Instruktor techniki oraz nauki jazdy na motocyklu
Cześć, mam na imię Szymon i cieszę się, że zainteresował Cię moja szkoła techniki jazdy na motocyklu. Skoro tu trafiłeś to znaczy, że jesteś świadomym motocyklistą i poszukujesz informacji jak rozwijać swoje umiejętności, a tym samym jak jeździć bezpieczniej.
Kilka słów o mnie. Od kwietnia 2021 r. jestem instruktorem nauki jazdy na motocyklu (kat. A / A2 / A1 / AM). Nie uczę na jazdy metalową puszką (kat. B), bo liczy się tylko motocykl!
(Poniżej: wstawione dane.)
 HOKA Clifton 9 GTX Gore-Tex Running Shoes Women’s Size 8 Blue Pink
Dokładnie dwa lata później – w kwietniu 2023 r. – zdobyłem licencję instruktora techniki jazdy kat. A. Tym sposobem mam wiedzę i uprawnienia, aby szkolić zarówno osoby przygotowujące się do zdobycia motocyklowego prawa jazdy, jak i tych posiadających już upewnienia każdej z kategorii A. Nie prowadzę jednak szkoły nauki jazdy (OSK), zajmuję się wyłącznie szkoleniem z techniki jazdy w Bydgoszczy.
Mam ogromną satysfakcję z przekazywania wiedzy o bezpiecznym prowadzeniu motocykla, a jeszcze większą, gdy widzę postępy moich kursantów.
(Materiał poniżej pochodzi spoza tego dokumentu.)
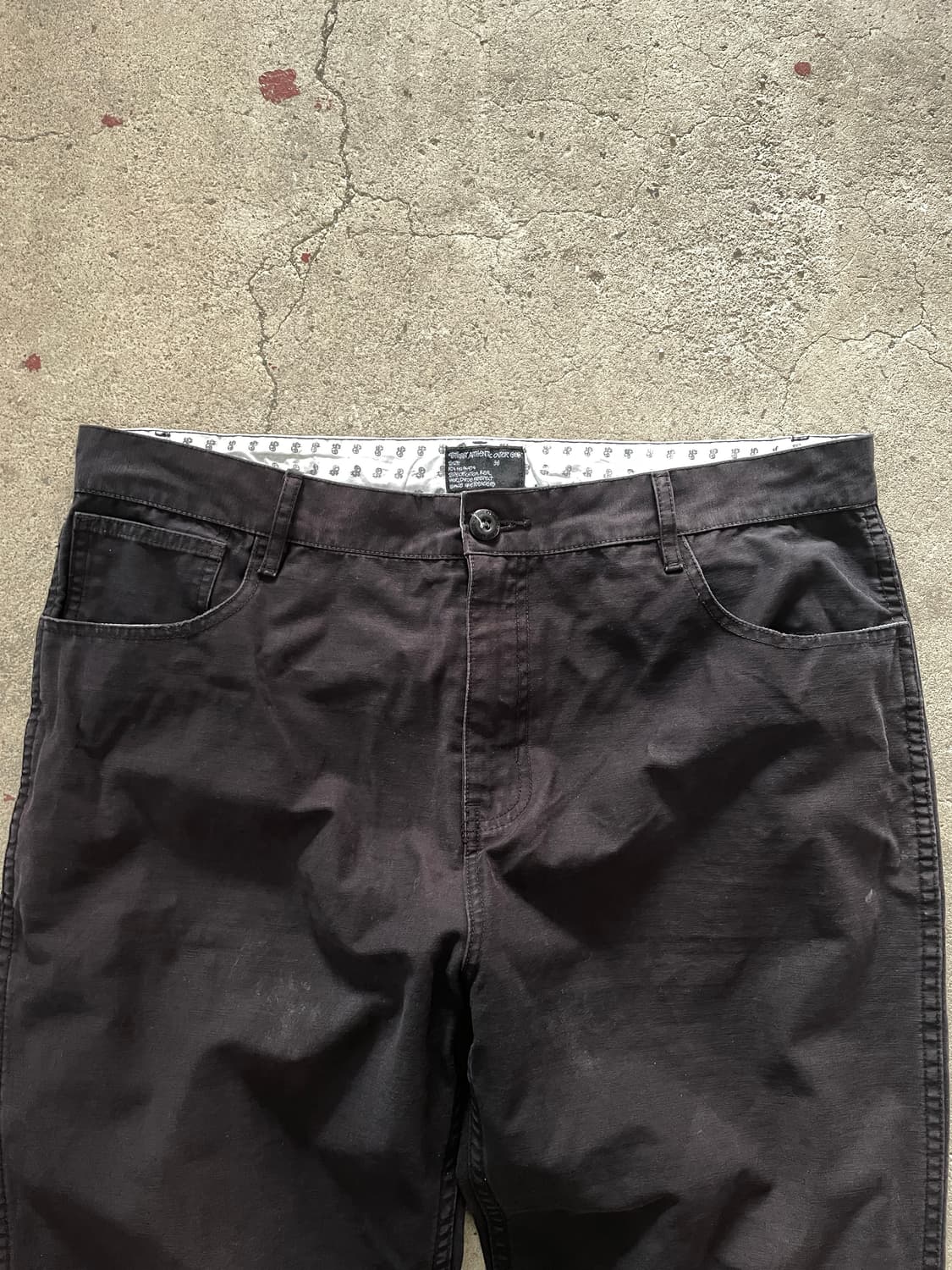 00s Stussy Twill Cotton Chino Pants 상품이미지4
Moje zainteresowanie jazdą defensywną na motocyklu
Cały czas dążę do rozwijania swoich umiejętności techniki jazdy w tym w szczególności defensywnej jazdy motocyklem w mieście. Skłoniły mnie do tego dwa wypadki w których uczestniczyłem, jako poszkodowany, spowodowane przez nieostriożnych kierowców aut. W drugim z nich mój ogromny, turystyczny motocykl Triumph Trophy został po prostu zgnieciony. To był moment w którym przestałem czuć się bezpiecznie na drodze i zacząłem amatorsko jeździć na torze. W Bydgoszczy posiadamy bardzo dobry obiekt do takich treningów motocyklowych – Kartodrom Bydgoszcz. Wtedy właśnie poczułem potrzebę dzielenia się moimi doświadczeniami, wiedzą i obserwacjami.
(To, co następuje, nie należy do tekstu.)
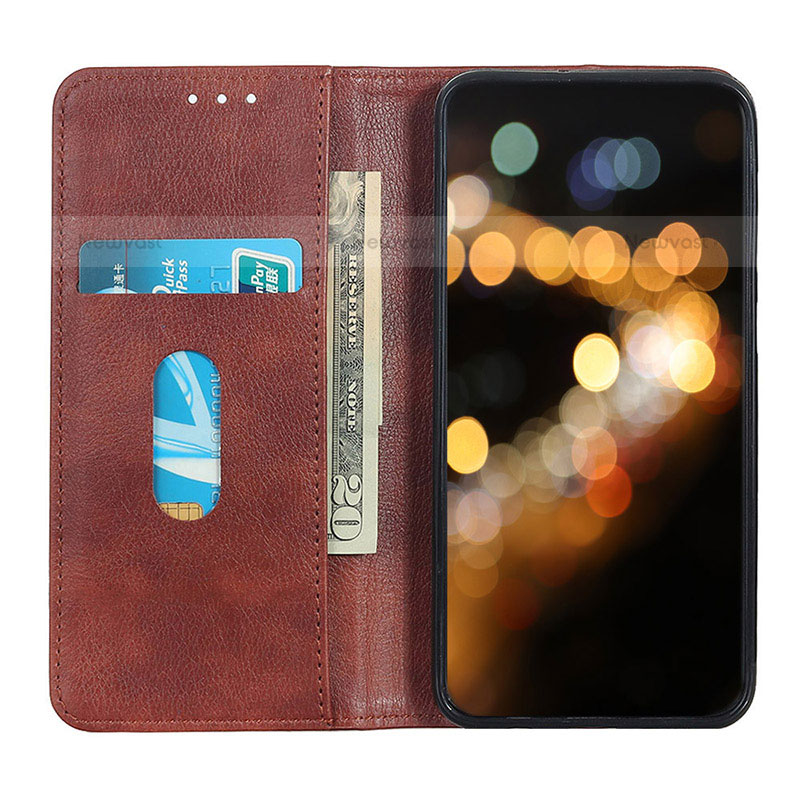 Leather Case Stands Flip Cover Holder N01P for Xiaomi Mi 12X 5G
125 cm³ na kat. B – od tego zaczynałem
Zaczynałem jak wielu z nas na motocyklu 125 cm³ na kat. B bez większego przeszkolenia – raptem 2h w bydgoskiej szkole nauki jazdy gdzie opanowałem ruszanie, zmianę biegów i pewne aspekty hamowania. Z obecnej perspektywy uważam decyzję zakupu pierwszego motocykla bez porządnego kursu za szaleństwo. Z drugiej strony zaczęła się wtedy piękna przygoda… w pierwszym sezonie zaliczyłem dwie gleby i to na drodze. Jedną na mokrych szynach, a drugą na asfalcie z piaskiem, był to efekt braku umiejętności prawidłowego hamowania, a raczej nerwowego szarpania przednim hamulcem. Obie gleby na lewą stronę, stąd lewe kolano do dziś przypomina mi o tych lekcjach.
Szkolenia motocyklowe, czyli rozwijanie siebie i innych
Lubię uczyć się na doświadczeniach swoich i innych, dlatego sam z chęcią przekazuję takie lekcje dalej. Pomimo mojego relatywne niedługiego stażu miałem możliwość szkolić zarówno 14-latków na kategorię AM na motocykle 50cm³, jak i osoby które posiadają prawo jazdy dłużej niż żyję. Od uczennicy 8 klasy szkoły podstawowej, poprzez informatyka, właściciela firmy, kończąc na sympatycznym ordynatorze. Wszystkich motocyklistów (obecnych i przyszłych) łączy jedna rzecz, jeśli nie rozwijamy swoich umiejętności i nie szkolimy się to powoli zapominamy to czego się nauczyliśmy, a wyuczone prawidłowe odruchy zanikają. Dotyczy to każdego również mnie.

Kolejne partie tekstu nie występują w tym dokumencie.